Perfectly timed and enormously significant, Adjusting the Lens illuminates the ways Indigenous art activists use photographs to challenge, realign, and renegotiate past histories...This book moves Indigenous art activism off the pages of Facebook and into the contemporary global art and cultural studies arena.
It is the mark of good scholarship to challenge readers to pause and think deeply about the positions they hold and to engage in alternative ways of thinking and understanding. This powerful book does just that.

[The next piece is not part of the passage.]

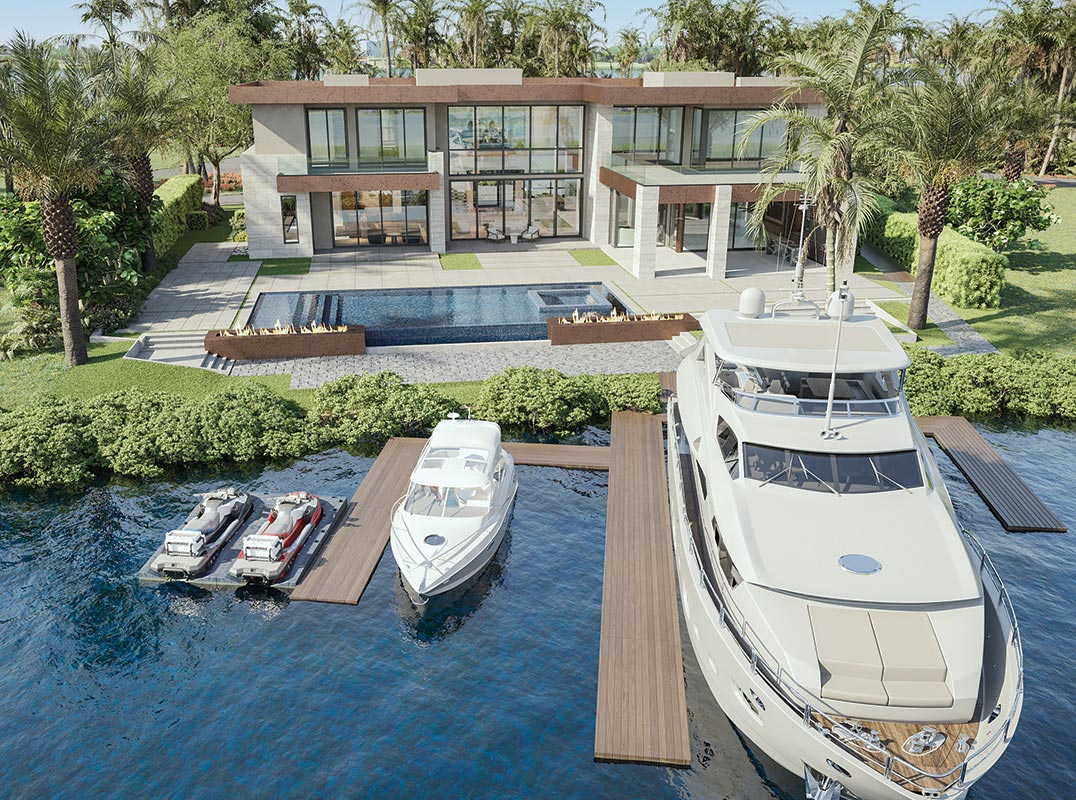 A Modern Waterfront Masterpiece at Sailfish Point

Adjusting the Lens is a cutting-edge and timely study of Indigenous photography, and is a pleasure to read from beginning to end. Everyone interested in the use and circulation of Indigenous images, along with contemporary engagements with photographic collections by descendant communities, will find this groundbreaking and powerful collection incredibly useful.
This collection is a model of trans-cultural scholarly cooperation. It advances the debate in serious, not just feel-good or conciliatory, ways.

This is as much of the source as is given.